» WHAT TO PRODUCE
Write out the entries below in full, exactly as given.

» DATA FOR THE TASK
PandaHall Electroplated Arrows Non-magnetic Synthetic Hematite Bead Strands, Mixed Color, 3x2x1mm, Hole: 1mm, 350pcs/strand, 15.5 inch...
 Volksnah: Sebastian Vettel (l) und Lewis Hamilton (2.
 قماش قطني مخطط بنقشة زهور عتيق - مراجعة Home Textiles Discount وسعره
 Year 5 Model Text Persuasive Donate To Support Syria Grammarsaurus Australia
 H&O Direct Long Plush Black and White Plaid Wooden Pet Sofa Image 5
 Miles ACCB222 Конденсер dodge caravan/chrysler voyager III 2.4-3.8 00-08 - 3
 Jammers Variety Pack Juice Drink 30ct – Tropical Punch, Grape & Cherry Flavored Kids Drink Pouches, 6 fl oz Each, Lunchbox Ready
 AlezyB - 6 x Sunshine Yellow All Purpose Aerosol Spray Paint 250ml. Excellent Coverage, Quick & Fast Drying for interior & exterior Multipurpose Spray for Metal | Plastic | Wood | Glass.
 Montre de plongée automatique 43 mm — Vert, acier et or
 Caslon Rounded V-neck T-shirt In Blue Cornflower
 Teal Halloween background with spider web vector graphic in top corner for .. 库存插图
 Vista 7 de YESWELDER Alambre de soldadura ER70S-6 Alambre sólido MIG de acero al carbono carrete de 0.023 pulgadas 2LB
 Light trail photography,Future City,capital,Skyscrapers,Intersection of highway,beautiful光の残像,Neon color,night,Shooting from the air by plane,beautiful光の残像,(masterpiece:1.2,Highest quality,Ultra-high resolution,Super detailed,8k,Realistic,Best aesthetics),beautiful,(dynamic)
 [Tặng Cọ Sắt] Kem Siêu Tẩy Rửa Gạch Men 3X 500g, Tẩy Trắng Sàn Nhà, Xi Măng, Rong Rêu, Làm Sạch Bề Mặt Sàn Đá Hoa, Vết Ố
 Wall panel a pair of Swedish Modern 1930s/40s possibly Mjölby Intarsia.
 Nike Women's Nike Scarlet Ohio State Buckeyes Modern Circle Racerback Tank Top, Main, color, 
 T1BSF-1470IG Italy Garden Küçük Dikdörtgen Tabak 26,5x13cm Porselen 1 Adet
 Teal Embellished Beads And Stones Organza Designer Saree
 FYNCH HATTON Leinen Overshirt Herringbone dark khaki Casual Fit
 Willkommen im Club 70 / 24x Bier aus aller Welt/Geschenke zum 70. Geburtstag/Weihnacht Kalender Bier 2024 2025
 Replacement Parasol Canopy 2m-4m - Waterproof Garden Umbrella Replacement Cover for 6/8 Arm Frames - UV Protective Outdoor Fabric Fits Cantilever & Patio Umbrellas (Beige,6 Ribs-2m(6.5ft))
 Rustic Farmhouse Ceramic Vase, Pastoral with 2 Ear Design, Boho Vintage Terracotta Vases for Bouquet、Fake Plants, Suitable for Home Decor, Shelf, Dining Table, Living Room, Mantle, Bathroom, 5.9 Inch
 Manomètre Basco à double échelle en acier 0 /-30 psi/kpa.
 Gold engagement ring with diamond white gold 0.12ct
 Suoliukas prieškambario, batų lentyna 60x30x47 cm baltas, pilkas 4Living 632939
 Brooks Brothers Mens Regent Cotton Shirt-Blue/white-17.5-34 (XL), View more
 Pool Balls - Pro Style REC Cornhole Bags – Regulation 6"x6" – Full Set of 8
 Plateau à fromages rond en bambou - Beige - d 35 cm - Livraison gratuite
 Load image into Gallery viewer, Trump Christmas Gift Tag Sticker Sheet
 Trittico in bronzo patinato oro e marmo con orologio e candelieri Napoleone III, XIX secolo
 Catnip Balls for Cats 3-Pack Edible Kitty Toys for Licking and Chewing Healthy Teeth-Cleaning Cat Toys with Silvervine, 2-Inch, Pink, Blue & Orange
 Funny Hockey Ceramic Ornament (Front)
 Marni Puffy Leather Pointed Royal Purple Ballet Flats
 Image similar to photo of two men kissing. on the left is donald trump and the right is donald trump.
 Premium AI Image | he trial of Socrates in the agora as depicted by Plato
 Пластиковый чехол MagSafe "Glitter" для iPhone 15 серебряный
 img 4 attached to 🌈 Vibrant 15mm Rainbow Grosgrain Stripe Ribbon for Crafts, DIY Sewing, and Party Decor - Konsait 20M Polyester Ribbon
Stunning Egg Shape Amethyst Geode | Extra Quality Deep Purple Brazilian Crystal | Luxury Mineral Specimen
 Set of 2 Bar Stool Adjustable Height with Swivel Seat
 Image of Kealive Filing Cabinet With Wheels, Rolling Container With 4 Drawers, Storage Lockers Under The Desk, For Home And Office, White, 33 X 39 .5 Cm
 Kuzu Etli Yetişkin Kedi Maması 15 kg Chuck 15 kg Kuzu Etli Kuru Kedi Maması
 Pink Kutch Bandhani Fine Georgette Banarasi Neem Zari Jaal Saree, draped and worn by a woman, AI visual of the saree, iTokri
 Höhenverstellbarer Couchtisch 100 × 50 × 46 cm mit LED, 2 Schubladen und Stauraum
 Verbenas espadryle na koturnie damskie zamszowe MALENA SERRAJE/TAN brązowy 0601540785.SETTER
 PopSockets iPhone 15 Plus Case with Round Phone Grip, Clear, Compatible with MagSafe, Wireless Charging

» RESPONSE
PandaHall Electroplated Arrows Non-magnetic Synthetic Hematite Bead Strands, Mixed Color, 3x2x1mm, Hole: 1mm, 350pcs/strand, 15.5 inch...
 Volksnah: Sebastian Vettel (l) und Lewis Hamilton (2.
 قماش قطني مخطط بنقشة زهور عتيق - مراجعة Home Textiles Discount وسعره
 Year 5 Model Text Persuasive Donate To Support Syria Grammarsaurus Australia
 H&O Direct Long Plush Black and White Plaid Wooden Pet Sofa Image 5
 Miles ACCB222 Конденсер dodge caravan/chrysler voyager III 2.4-3.8 00-08 - 3
 Jammers Variety Pack Juice Drink 30ct – Tropical Punch, Grape & Cherry Flavored Kids Drink Pouches, 6 fl oz Each, Lunchbox Ready
 AlezyB - 6 x Sunshine Yellow All Purpose Aerosol Spray Paint 250ml. Excellent Coverage, Quick & Fast Drying for interior & exterior Multipurpose Spray for Metal | Plastic | Wood | Glass.
 Montre de plongée automatique 43 mm — Vert, acier et or
 Caslon Rounded V-neck T-shirt In Blue Cornflower
 Teal Halloween background with spider web vector graphic in top corner for .. 库存插图
 Vista 7 de YESWELDER Alambre de soldadura ER70S-6 Alambre sólido MIG de acero al carbono carrete de 0.023 pulgadas 2LB
 Light trail photography,Future City,capital,Skyscrapers,Intersection of highway,beautiful光の残像,Neon color,night,Shooting from the air by plane,beautiful光の残像,(masterpiece:1.2,Highest quality,Ultra-high resolution,Super detailed,8k,Realistic,Best aesthetics),beautiful,(dynamic)
 [Tặng Cọ Sắt] Kem Siêu Tẩy Rửa Gạch Men 3X 500g, Tẩy Trắng Sàn Nhà, Xi Măng, Rong Rêu, Làm Sạch Bề Mặt Sàn Đá Hoa, Vết Ố
 Wall panel a pair of Swedish Modern 1930s/40s possibly Mjölby Intarsia.
 Nike Women's Nike Scarlet Ohio State Buckeyes Modern Circle Racerback Tank Top, Main, color, 
 T1BSF-1470IG Italy Garden Küçük Dikdörtgen Tabak 26,5x13cm Porselen 1 Adet
 Teal Embellished Beads And Stones Organza Designer Saree
 FYNCH HATTON Leinen Overshirt Herringbone dark khaki Casual Fit
 Willkommen im Club 70 / 24x Bier aus aller Welt/Geschenke zum 70. Geburtstag/Weihnacht Kalender Bier 2024 2025
 Replacement Parasol Canopy 2m-4m - Waterproof Garden Umbrella Replacement Cover for 6/8 Arm Frames - UV Protective Outdoor Fabric Fits Cantilever & Patio Umbrellas (Beige,6 Ribs-2m(6.5ft))
 Rustic Farmhouse Ceramic Vase, Pastoral with 2 Ear Design, Boho Vintage Terracotta Vases for Bouquet、Fake Plants, Suitable for Home Decor, Shelf, Dining Table, Living Room, Mantle, Bathroom, 5.9 Inch
 Manomètre Basco à double échelle en acier 0 /-30 psi/kpa.
 Gold engagement ring with diamond white gold 0.12ct
 Suoliukas prieškambario, batų lentyna 60x30x47 cm baltas, pilkas 4Living 632939
 Brooks Brothers Mens Regent Cotton Shirt-Blue/white-17.5-34 (XL), View more
 Pool Balls - Pro Style REC Cornhole Bags – Regulation 6"x6" – Full Set of 8
 Plateau à fromages rond en bambou - Beige - d 35 cm - Livraison gratuite
 Load image into Gallery viewer, Trump Christmas Gift Tag Sticker Sheet
 Trittico in bronzo patinato oro e marmo con orologio e candelieri Napoleone III, XIX secolo
 Catnip Balls for Cats 3-Pack Edible Kitty Toys for Licking and Chewing Healthy Teeth-Cleaning Cat Toys with Silvervine, 2-Inch, Pink, Blue & Orange
 Funny Hockey Ceramic Ornament (Front)
 Marni Puffy Leather Pointed Royal Purple Ballet Flats
 Image similar to photo of two men kissing. on the left is donald trump and the right is donald trump.
 Premium AI Image | he trial of Socrates in the agora as depicted by Plato
 Пластиковый чехол MagSafe "Glitter" для iPhone 15 серебряный
 img 4 attached to 🌈 Vibrant 15mm Rainbow Grosgrain Stripe Ribbon for Crafts, DIY Sewing, and Party Decor - Konsait 20M Polyester Ribbon
Stunning Egg Shape Amethyst Geode | Extra Quality Deep Purple Brazilian Crystal | Luxury Mineral Specimen
 Set of 2 Bar Stool Adjustable Height with Swivel Seat
 Image of Kealive Filing Cabinet With Wheels, Rolling Container With 4 Drawers, Storage Lockers Under The Desk, For Home And Office, White, 33 X 39 .5 Cm
 Kuzu Etli Yetişkin Kedi Maması 15 kg Chuck 15 kg Kuzu Etli Kuru Kedi Maması
 Pink Kutch Bandhani Fine Georgette Banarasi Neem Zari Jaal Saree, draped and worn by a woman, AI visual of the saree, iTokri
 Höhenverstellbarer Couchtisch 100 × 50 × 46 cm mit LED, 2 Schubladen und Stauraum
 Verbenas espadryle na koturnie damskie zamszowe MALENA SERRAJE/TAN brązowy 0601540785.SETTER
 PopSockets iPhone 15 Plus Case with Round Phone Grip, Clear, Compatible with MagSafe, Wireless Charging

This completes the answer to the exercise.